[Brisbane-pm] To Chomp or not to Chomp

Tue Feb 27 00:47:59 PST 2007

On Tuesday 27 February 2007 17:32, Martin Jacobs wrote:
> Hi folks,
>
> Here's another one of those 'it should be easy' scenarios. Again, I
> would appreciate your help.

See the attached - it is untested and will likely eat your harddrive, so take 
it and use it as an example.  Don't run it, or accept as gospel.

Probably you want to process your file line by line.  

The fact that you called your variable "$file" indicates that maybe you 
thought you were slurping in the whole file.  (See "perldoc perlvar" and 
search for "slurp" to see how to slurp a whole file into a scalar).

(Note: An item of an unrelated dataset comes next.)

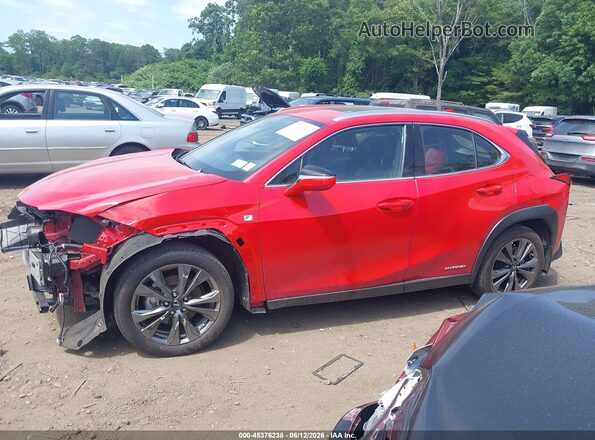 JTHR9JBH6M2041957 2021 LEXUS UX 250H Red 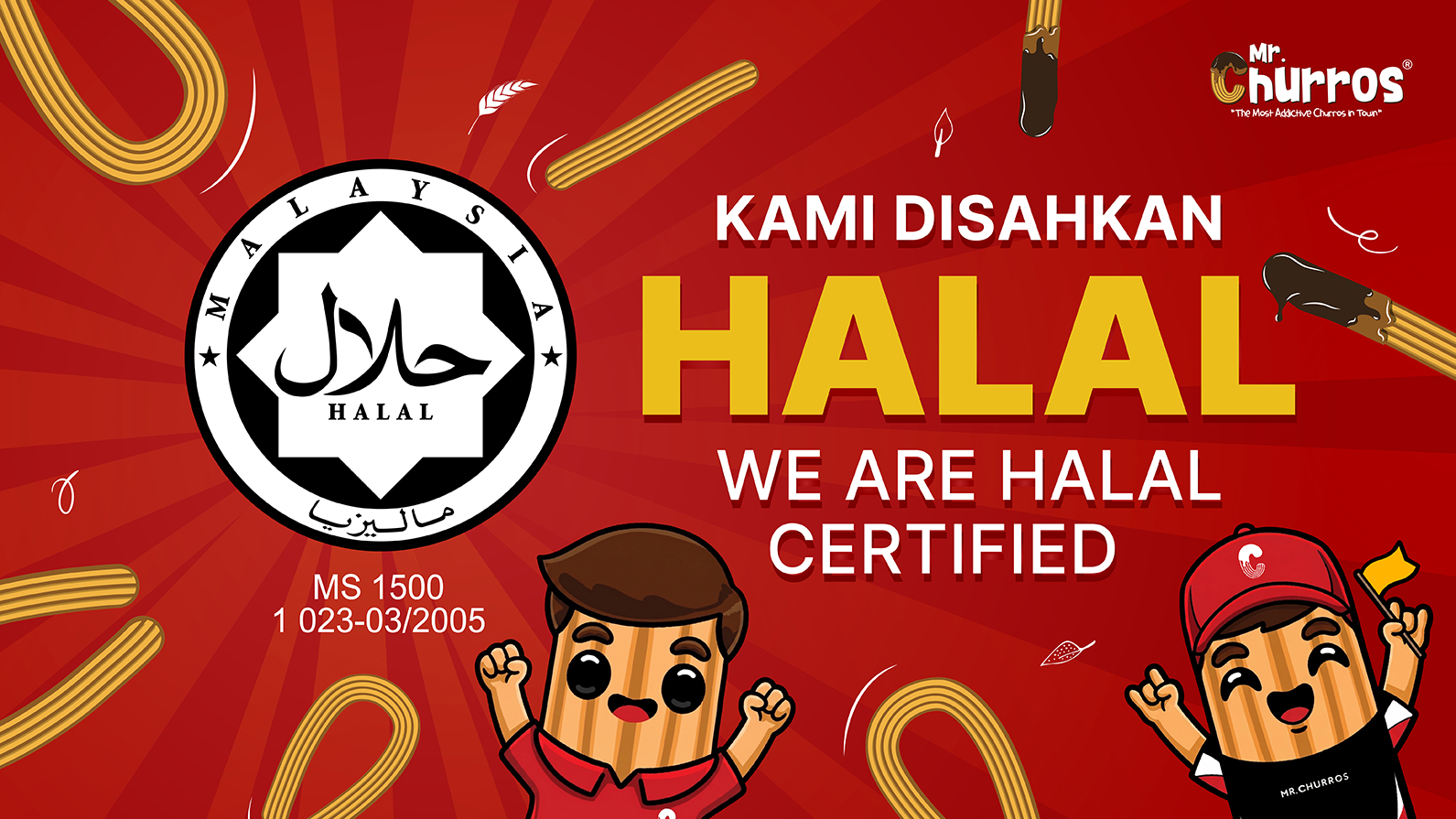 A Meaningful Milestone: Mr. Churros is Now Halal Certified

Slurping is OK if you know for sure your file is small, but line by line often 
works the best.

When the code did "$file = <FOO>;" it only go the first line of the file, not 
the whole file.

You'll also see "@file = <FOO>;" which does get the whole file, but again, 
what if the file is very big?  Why not just process it line by line as in the 
attached.

> This time, I've got a borrowed 'chomp' regex (chomp behaves in
> exactly the same way). 

Why exactly?  Why not use chomp?

"perldoc -f chomp"

Or if you need to extract information from each line, why bother chomping?

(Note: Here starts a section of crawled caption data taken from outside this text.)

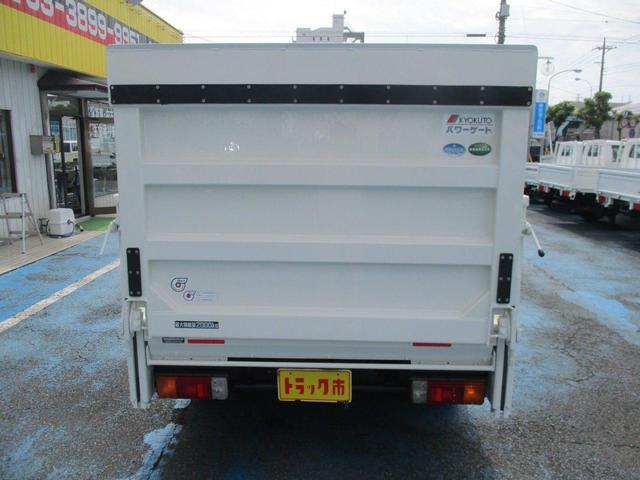 全低床 2.0t全低床 垂直ゲート600kg テーブル1150mm 木製荷台 10尺ボディー(10枚目)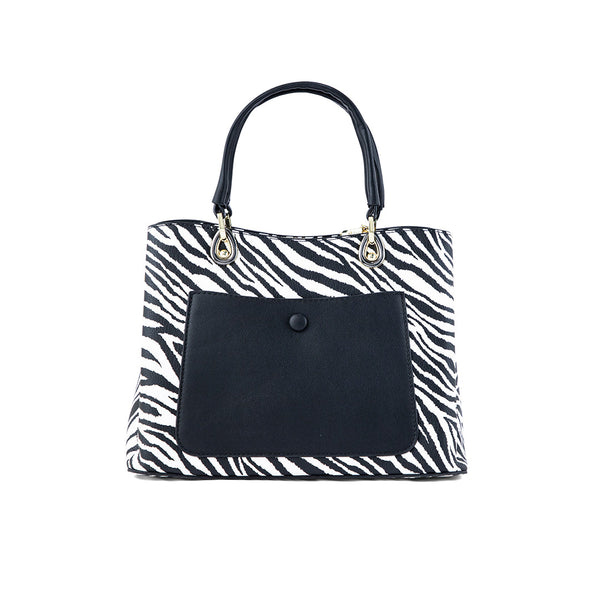 Blkwht Hand Bag P36385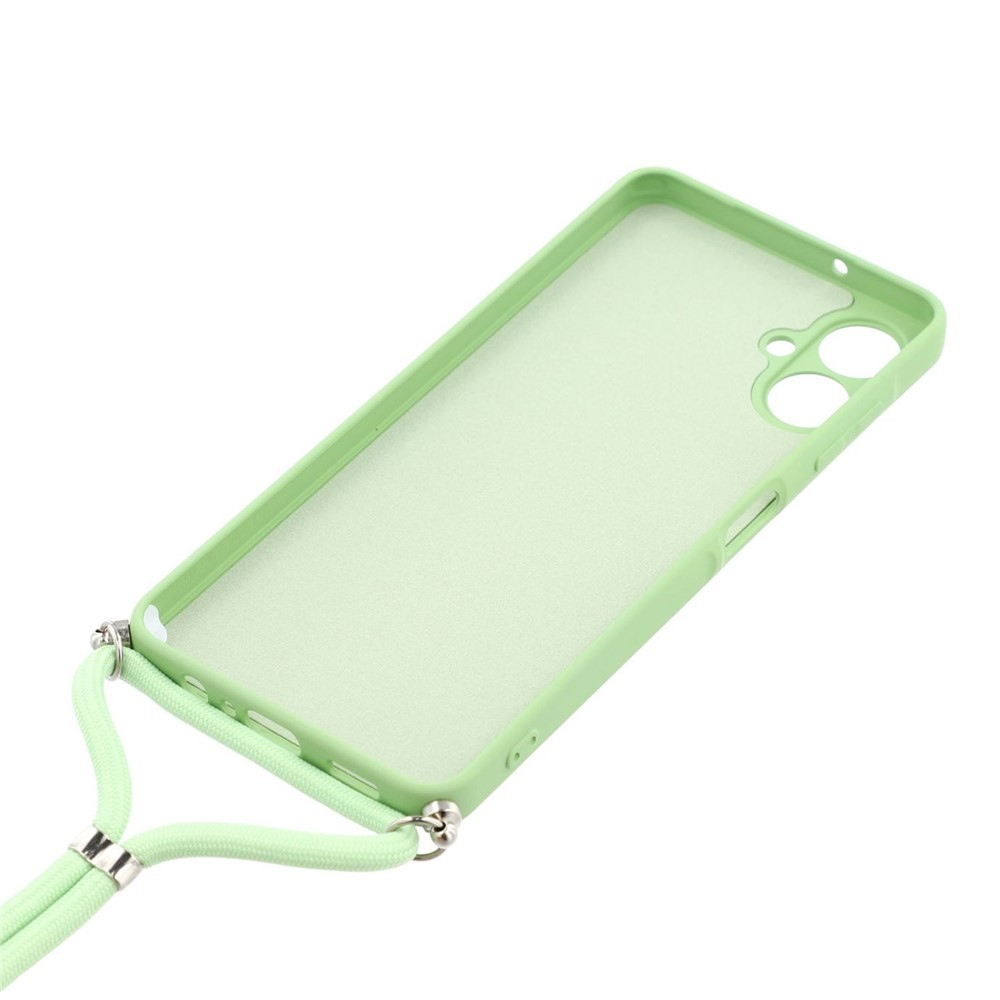 Bélés zselés tok húzózsinórral Samsung Galaxy A07 4G - világoszöld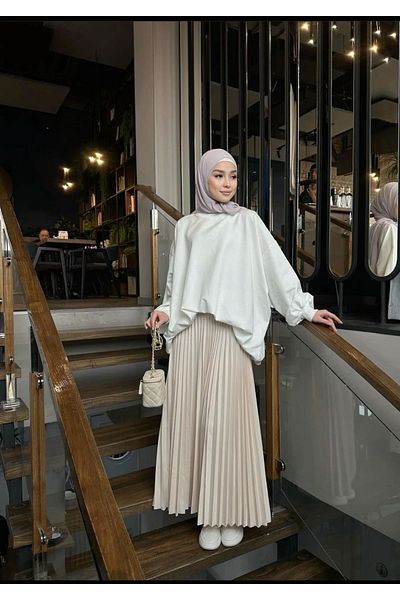 Trend Marfa Hijab πλισέ φούστα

> But, instead of chopping off the last 
> character in the string, it returns the value '1'.

The s/// is the substitution operator.

Look at "perldoc -q space" for how to remove spaces from a line like this 
using regex.

Below is the "why" for the "1".

>
> I can only guess that this is because Perl is working in 'list mode',
> not in 'paragraph mode' (see here), which makes sense because the
> file it is reading from is a list. And its chopping off 1 character
> (the new line character).

The bind operator =~ causes the regex to operate on what you bind it to.  Here 
you bind s/// which modifies things its bound to.

When you assign to the *result of a bind* in *list context* you get back a 
list of all the match capture values:

# $line (and $line_too) contains "Job Number:   J2700"

# some regex
my $field_regex = qr/^([^:]+):\s+(.*?)$/ ;

# assign a list to the result of the bind
my ( $field, $value ) = $line =~ m/$field_regex/ ;

# so now $field and $value are equal to the capture values (in round brackets)
# from the above regex, eg "Job Number" and "J2700"

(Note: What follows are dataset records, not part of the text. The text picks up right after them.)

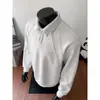 Amazon Primavera e Outono Nova Blusa de Moletom Masculina Tendência de Alta Qualidade Solta e Versátil Pesada Casual Camisa Polo Masculina Blusa de Manga Longa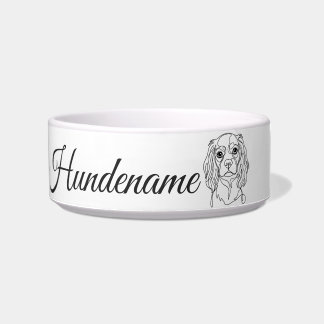Cocker Spaniel Line Art personalized bowl Voerbakje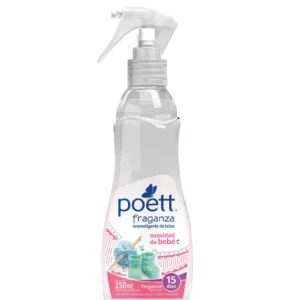 Poett Aromatizante de Telas Fraganza Suavidad de Bebé 250 cc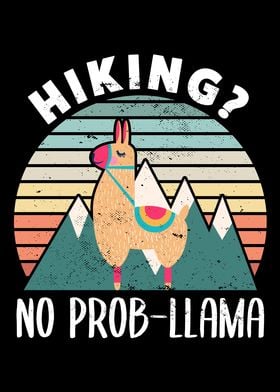 Hiking No ProbLLama Funny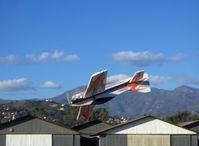 Santa Paula Airport (SZP) - RC Drone 'FLASH' extreme aerobatic, spectacular inverted dive near ground-this was skillfully recovered from without a crash - by Doug Robertson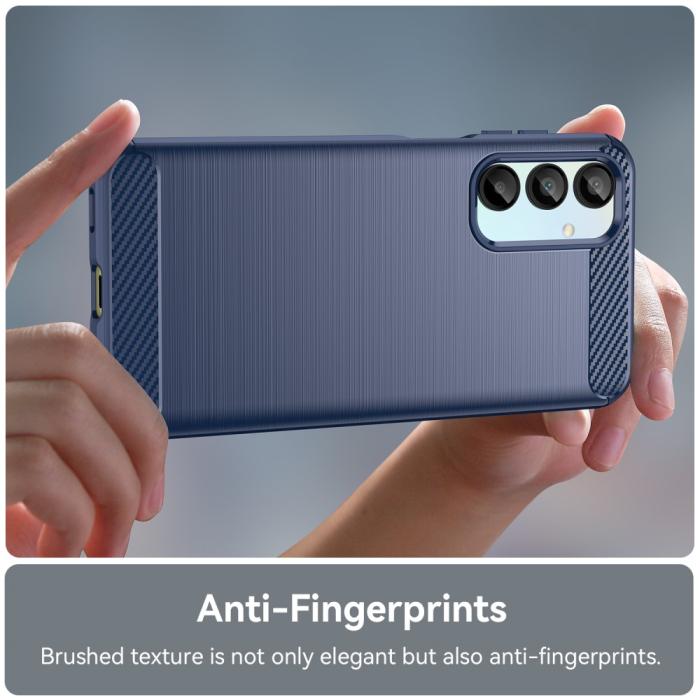 Bild 6,  Samsung Galaxy A16 Skal Borstad Stål Blå - Teknikhallen.se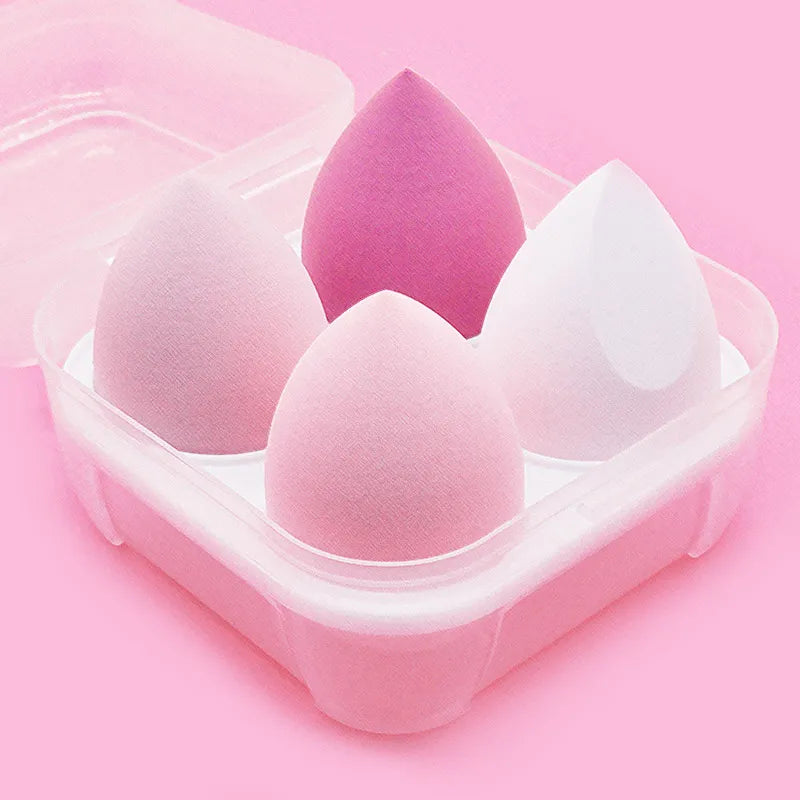 4pcs/bag Fashion Make Up Blender Cosmetic Puff Makeup Sponge Foundation Powder Sponge Beauty Tool Makeup Tool Accessories [CSM]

# assign a scalar and get the count of elements
my $count_of_matches = $line_too =~ m/$field_regex/ ;

In your code you actually altered $file and threw the alteration away:

   $num_of_matches = $file =~ s/[\r\n]+$//;   # not recommended, use chomp

   # $file is now altered by the s/// substitution operator

   $file = $num_of_matches;  # you overwrote your alteration

> Please tell me how to get Perl doing the right thing here. I am going
> to need to get it right for my 7 million line long arrays in future.
> I could resort to substr, but that's not as efficient (apparently),
> and I've got to get to grips with regexes anyway.

Can I suggest getting hold of a copy of the "Perl Cookbook" which has lots of 
good recipes for doing stuff, and also the context of how to use them.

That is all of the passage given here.